The campaign for the ballot initiative that you defended was dishonest and intrusive into our lives. The "Yes on 8" campaign logo depicted the cartoon silhouette of a 1950s-style "ideal" family consisting of a man, a woman, a girl and a boy, their gender indicated by whether they were wearing slacks or a dress. I thought of all my kids' female teachers, the girls in their classes and all my mom friends, and I could not think of the last time I saw one of them in a dress. Yet here was an image telling my boys that a "perfect family" requires not only a wife/mom but a sister. Ours has neither. Meanwhile, "Yes on 8" protest groups were out and visible and had a demoralizing, Westboro-like effect on many of my friends. One young man who was struggling with his sobriety called me daily to vent the anger he felt as he passed the "Yes on 8" protestors on his way to work.
I found myself feeling a growing sense of paranoia. Half the state wished harm on my family, and you had promised to uphold that harm. I had to worry about where my consumer money was going. It became evident that there were businesses out there that had no problem with taking my money and then using it against me and my family, undermining our lives. Co-workers would come by my desk, which was decked out with my sons' nursery school and kindergarten projects, and I had to wonder which of them was smiling and laughing with me but planning to vote against my family's well-being or, worse, investing significantly in the fight against us.

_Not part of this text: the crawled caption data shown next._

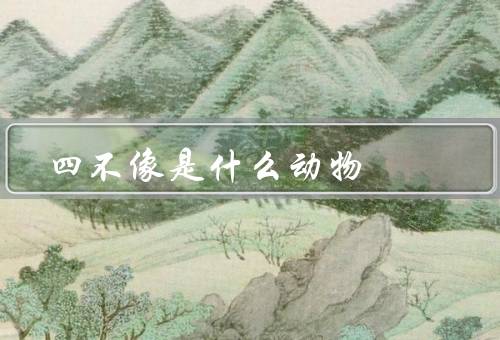 四不像是什么动物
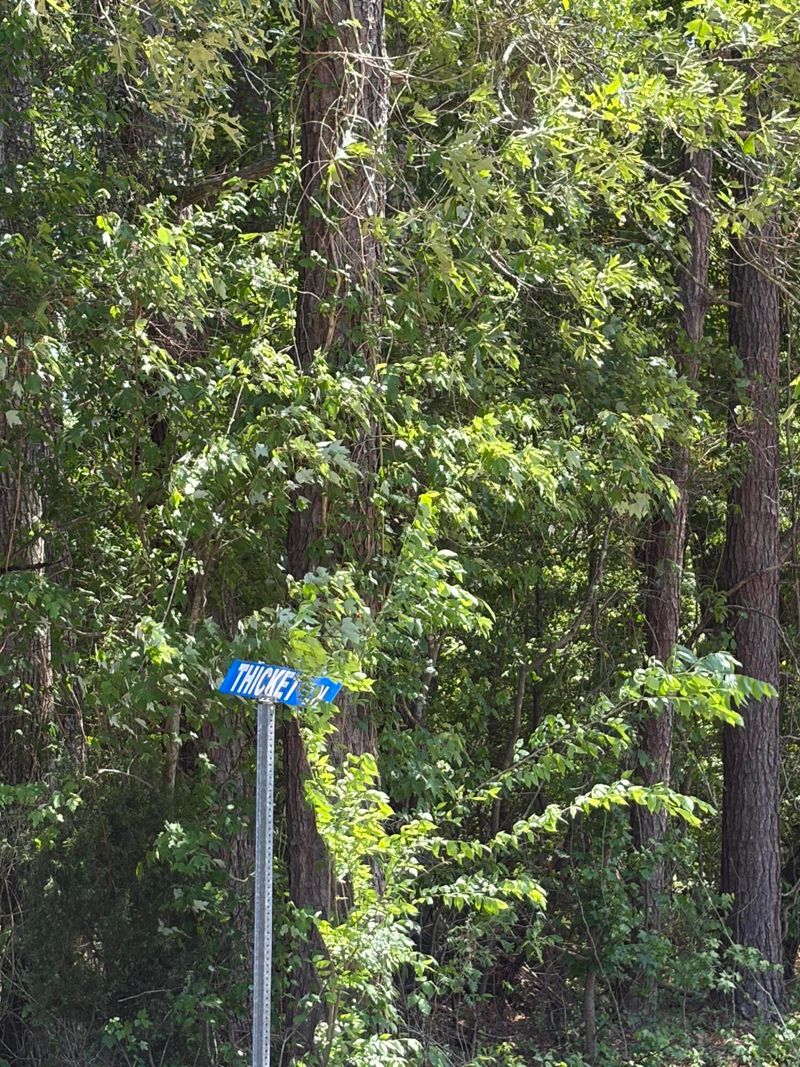 0 Thicket Ln, Saint Stephen, SC 29479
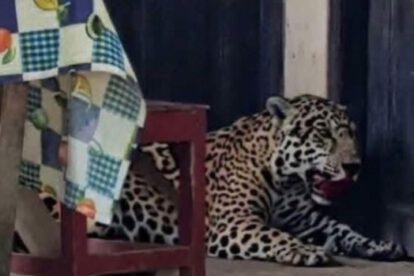 Jaguar en una vivienda
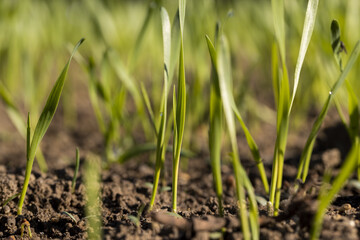 Fototapeta premium new rows of wheat in the field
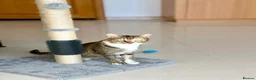 Arabian Mau cats for adoption: Mila is available for adoption  - Advert 4
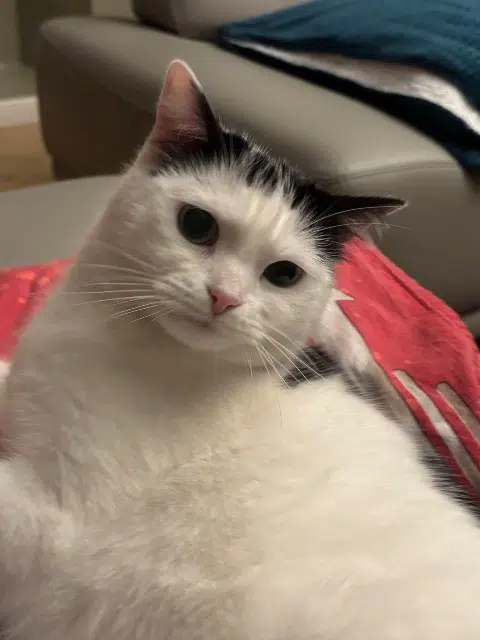 chatte reunited   91150 Étampes Lily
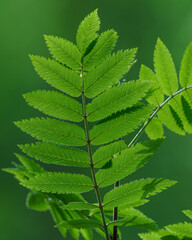 Sun shines over a leaf from a small rowan tree, Sorbus aucuparia.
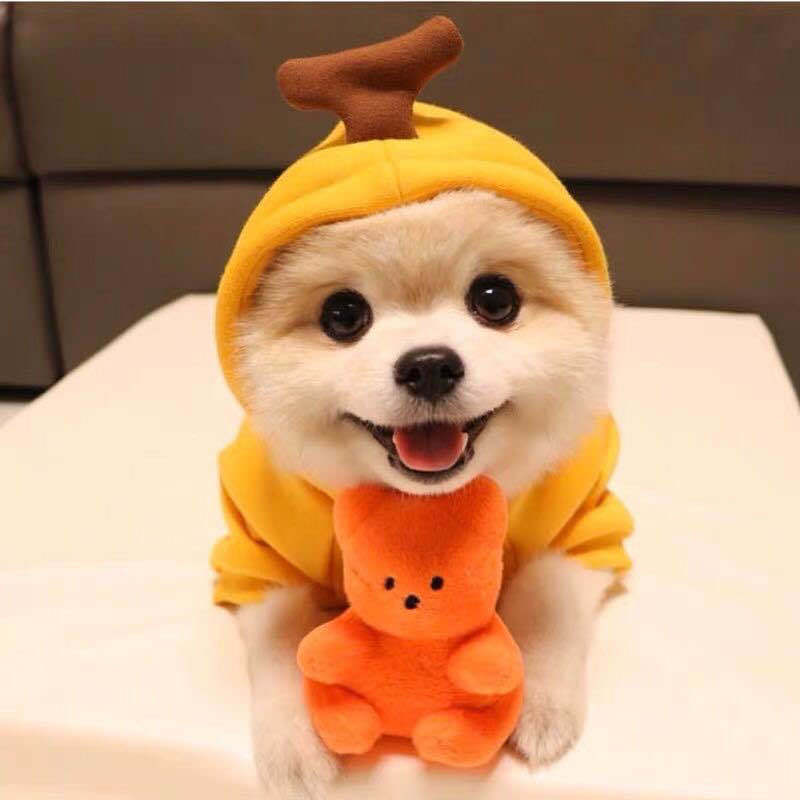 Cute Fruit Pet Clothes/Hoodie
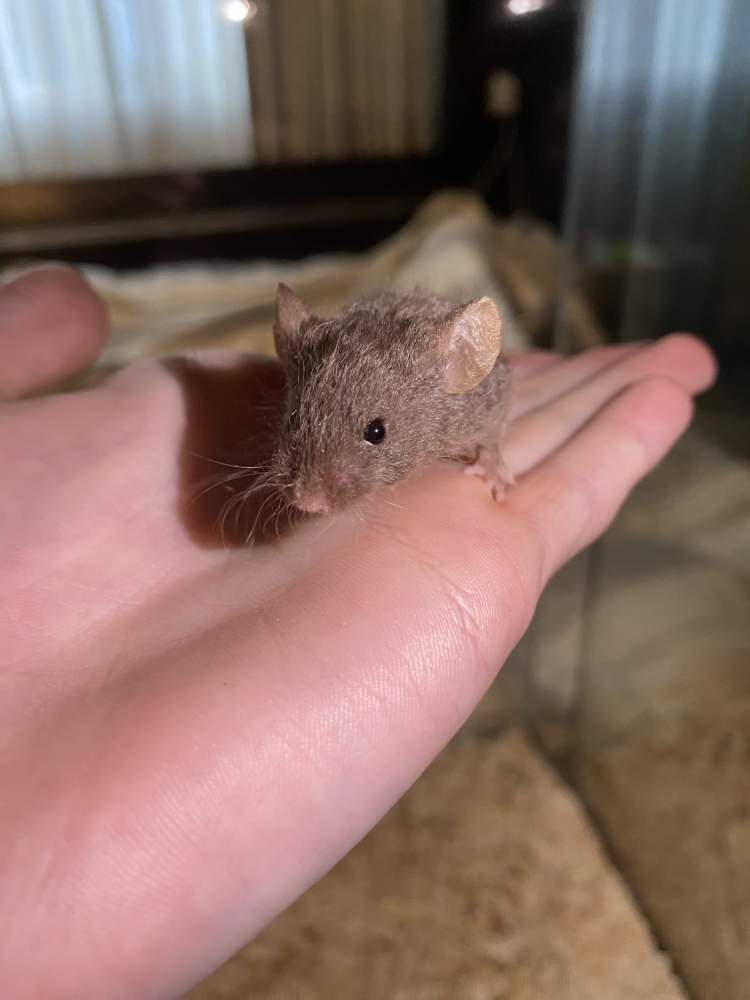 Fancy mouse Owned by other Mus musculus Netherlands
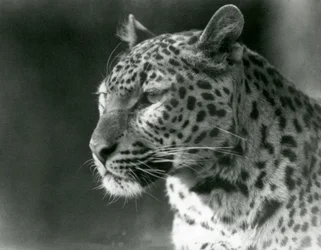 En leopard i London Zoo i 1930 (s/h-billede)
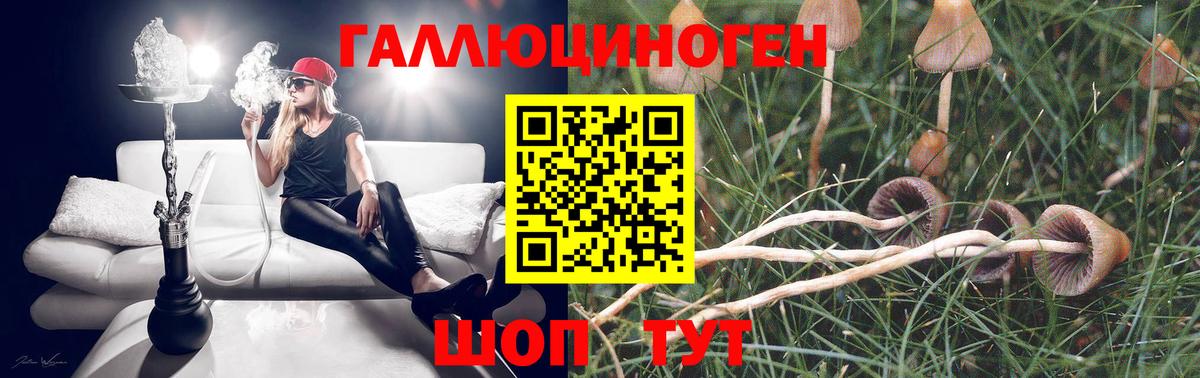 где найти   Галлюциногенные грибы мицелий  Юрга  Вход с VPN  Псилоцибиновые грибы Psilocybe 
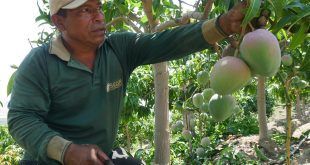 Estrategias claves en la cosecha del mango para asegurar exportaciones Sedir Perú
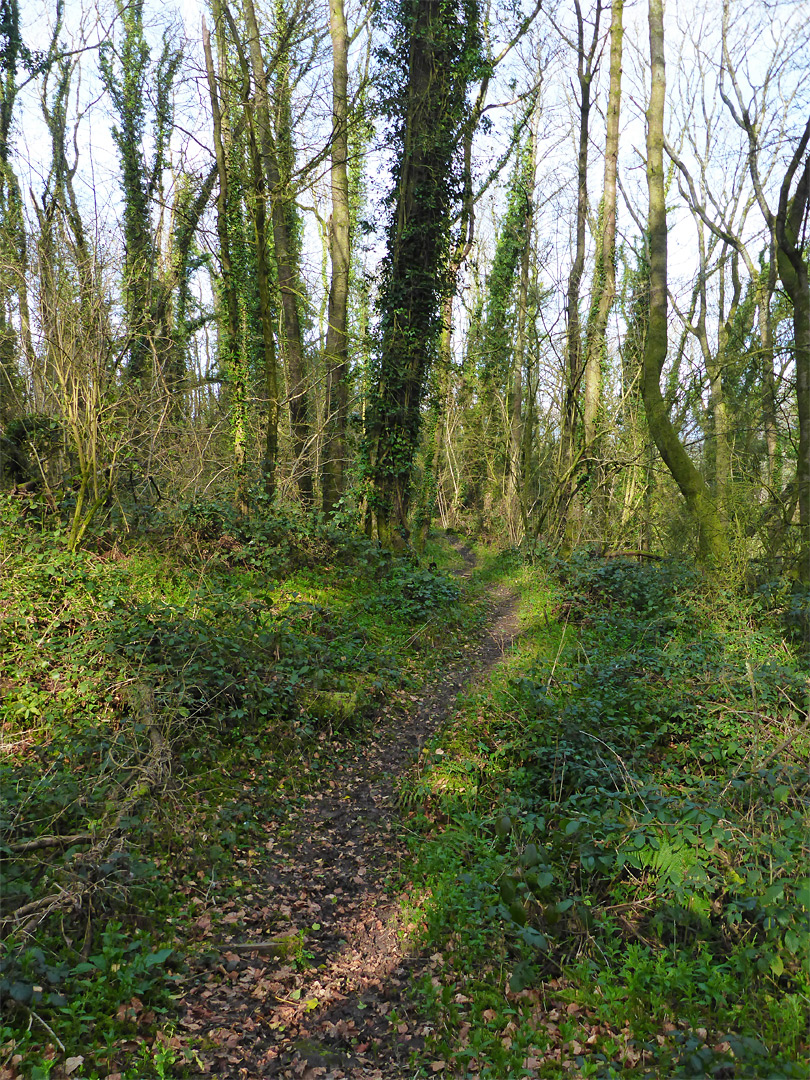 Path through the trees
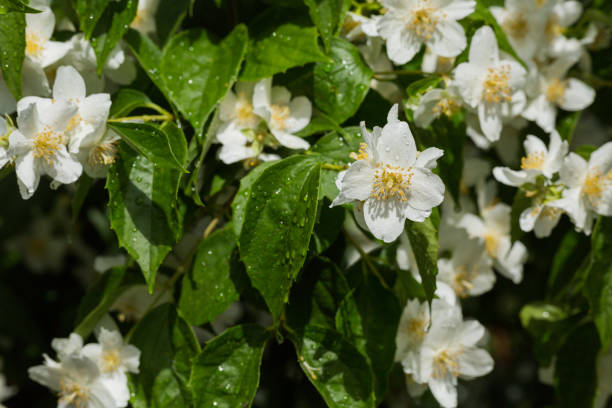 Wild flowers in nature - Jasmine stock photo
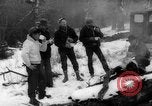 Image of herd of cattle Canada, 1959, second 33 stock footage video 65675047257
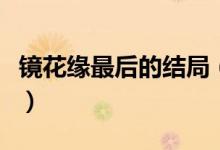 鏡花緣最后的結局（鏡花緣小說的結局是什么）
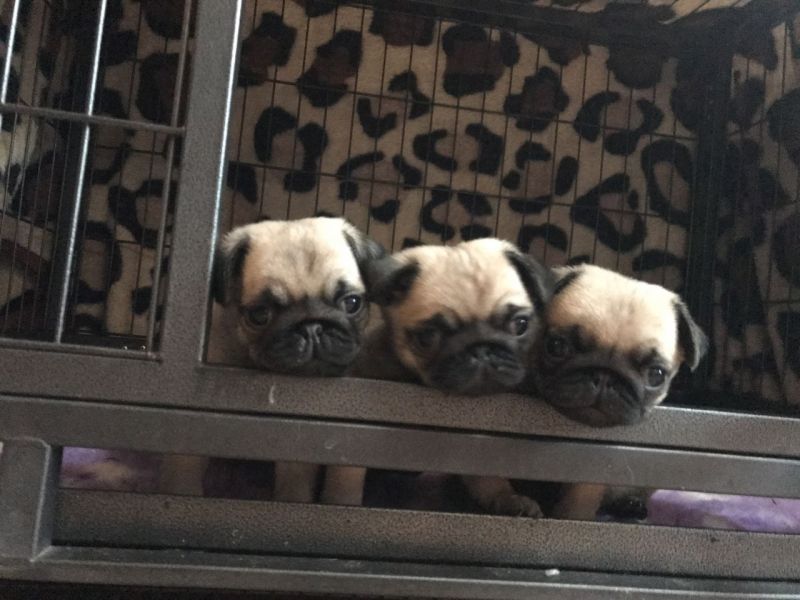 Filhotes de pug impressionantes,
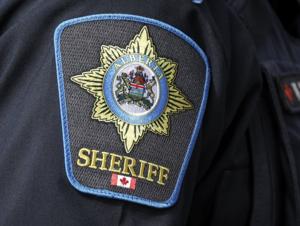 No charges for Alberta sheriff found with intimate AI images of co-workers on phone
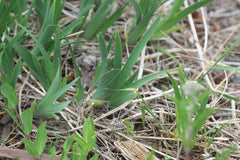 Iris Tenuis Watson Bearded Iris Species Growing Bonsai Bulbs Roots Rhizomes Corms Tubers Potted Planting Reblooming Fragrant Garden Flower Seeds Plant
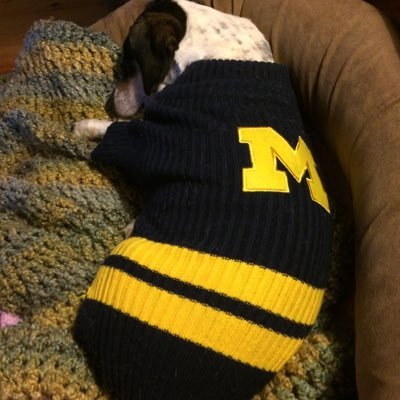 Stephanie Walkup - Twitter Profile Picture of Stephanie Walkup (@WalkupStephanie) on Twitter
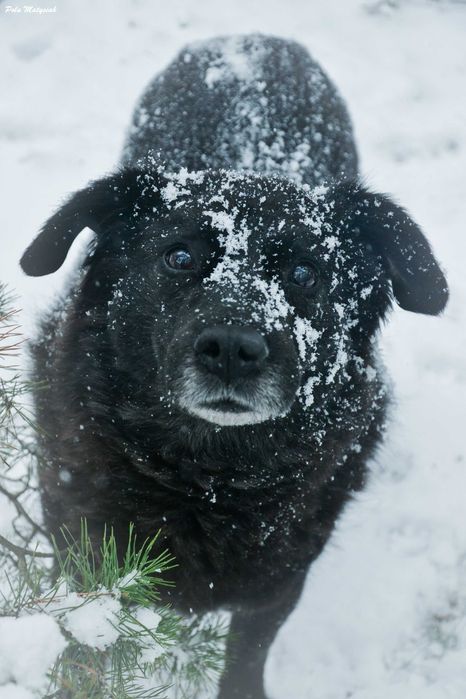 Bratek w 2019 roku  został złapany na polu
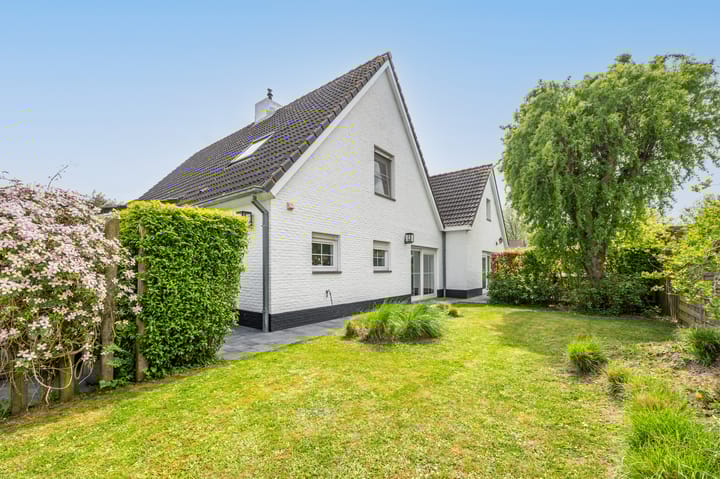 Photo 3 of Noordland 8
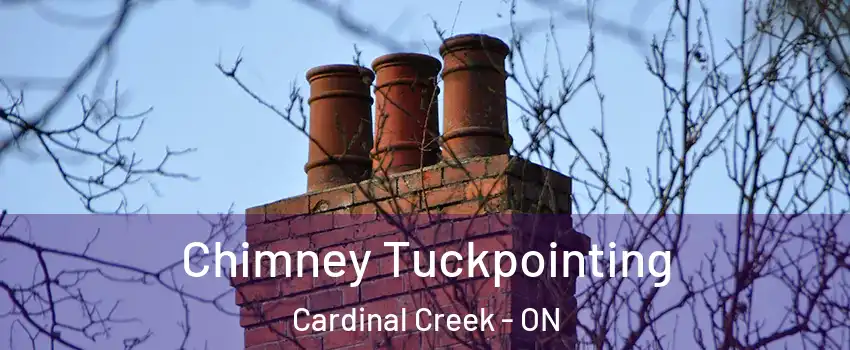  Chimney Tuckpointing Cardinal Creek - ON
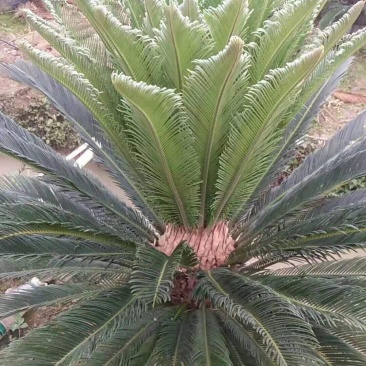 广西梧州有大量铁树现挖现卖，有需要的朋友可以联系我，谢谢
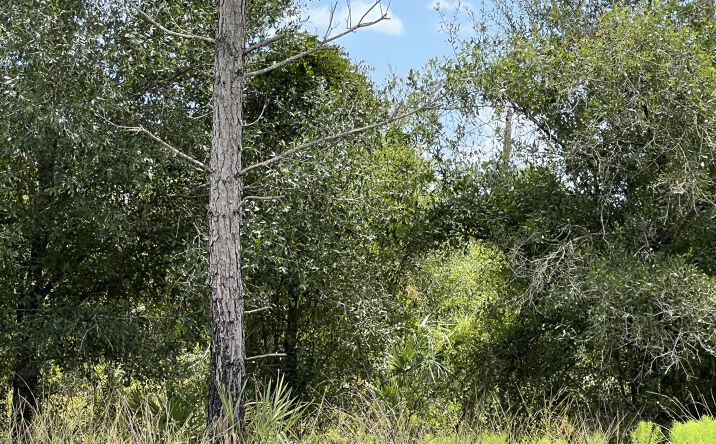 Pictures of Land property located at Deer Pl, North Port, FL 34269 for sales - image #1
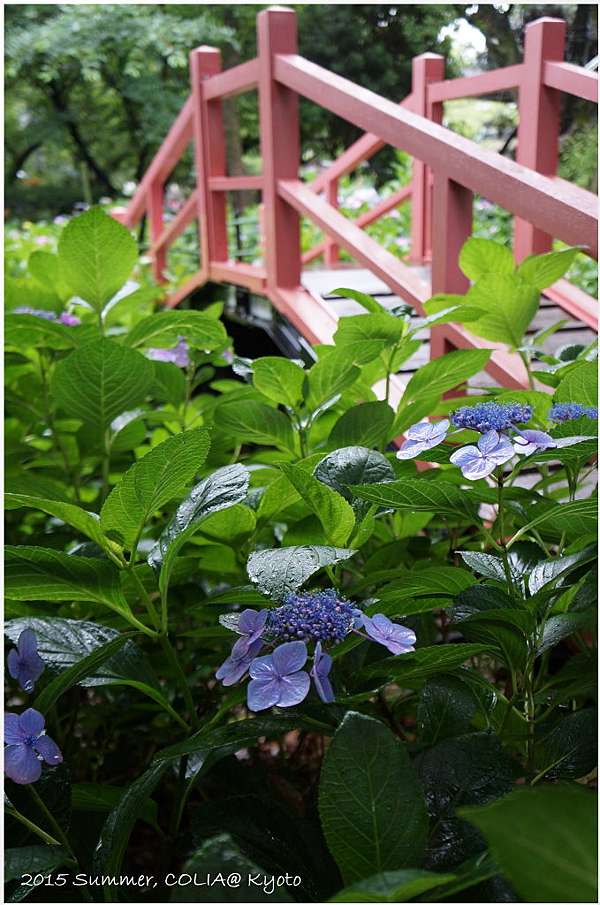 15 京行走 藤森神社 雨中的紫陽花 Colia 我是可樂 旅行 跑步 小日子 痞客邦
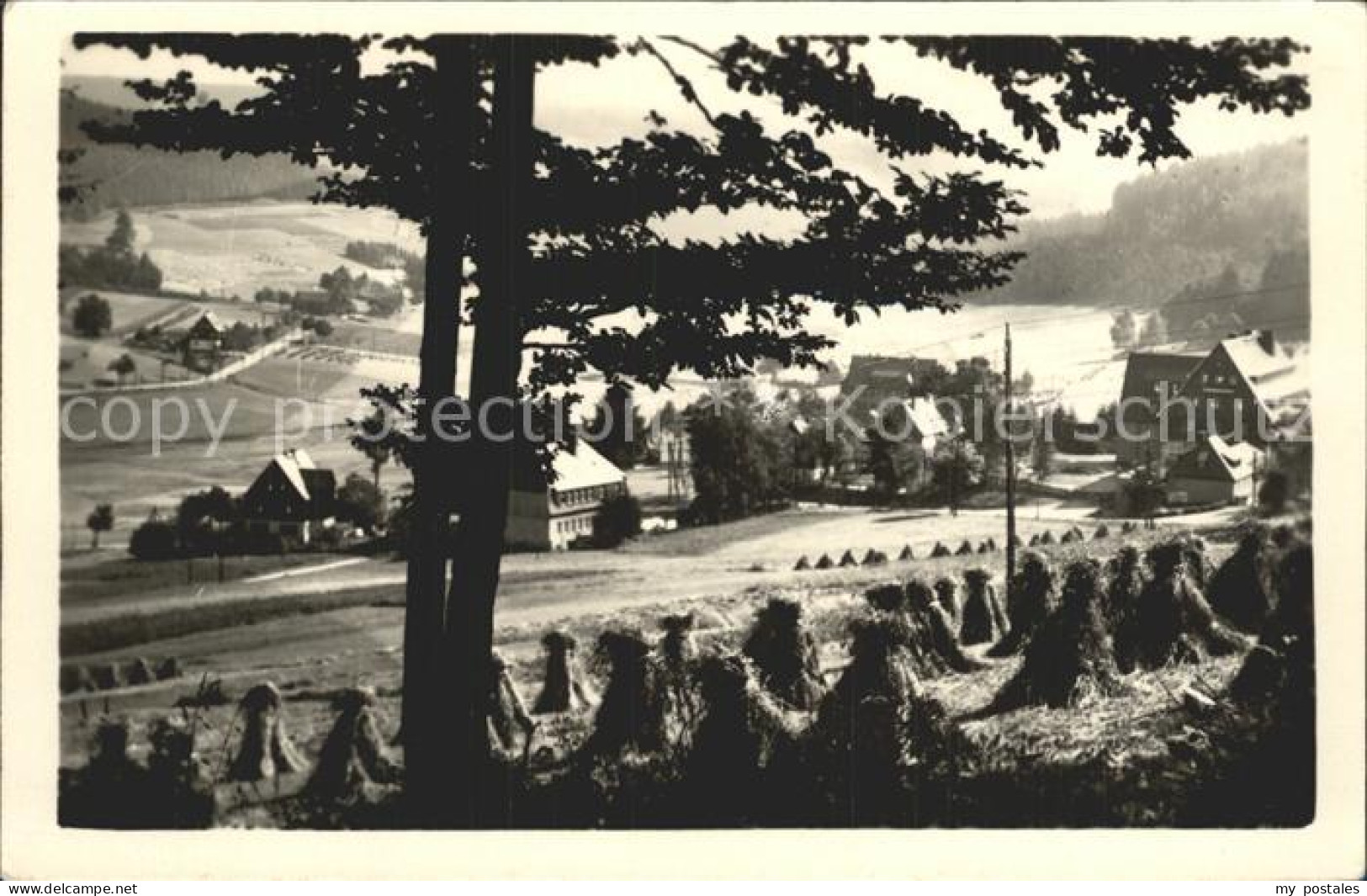 Rehefeld-Zaunhaus Dorfansicht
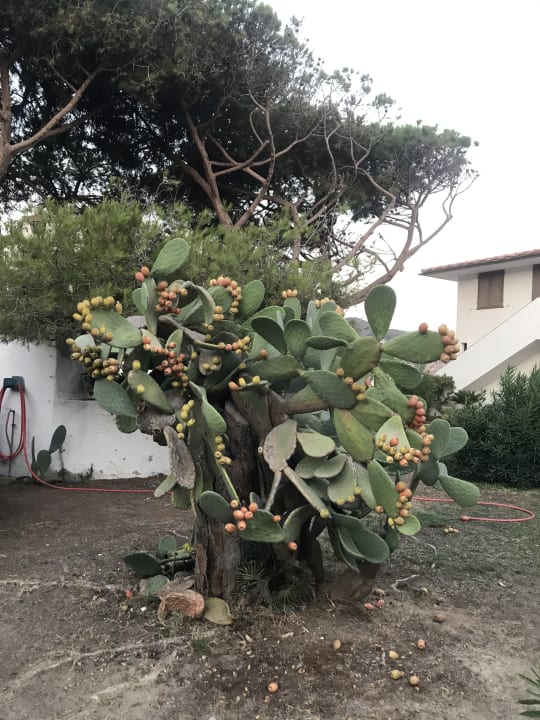 Sonstiges Hotel Punto Verde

The morning after Election Day 2008, I awoke to find that my country had made history by electing its first African-American president, who had voiced his opposition to Prop 8, yet I also found that my fellow Californians had voted away one of my basic rights and derailed my pursuit of happiness. But then I got stronger. Many of us did. We stepped up and spoke out. Two years later you vowed to fight against us, and we defeated you. The morning after Election Day 2010, you awoke to find that your bid to become chief executive of our state had failed, and the sordid ballot initiative that you had exploited to drum up support for your candidacy was going to have to find others to defend it in court.
In explaining your change of heart, you compared your evolution on the issue to that of President Obama. That is not really fair. Though he did verbalize a shift in thinking, his policies were always supportive of LGBTQ families. Yours were not.
It is time to let bygones be bygones. It is time for me to let go of the anger from two and a half years ago and accept the olive branch of support that you are extending. Your affirming statements and visibility in the lead-up to the Supreme Court's decision are hugely beneficial to the cause of equality, and I cannot overstate my appreciation for your having made this change of heart at this time in history. Your statements of support could hold significant sway, and I want to express the deep respect that I feel toward you for your new position and unexpected actions.
I want to end this with two specific words: "Thank you." It would be nice if I could offer those words unconditionally, and I intend to, but I can't help but wish that your statement of support had also included two specific words of its own: "I'm sorry."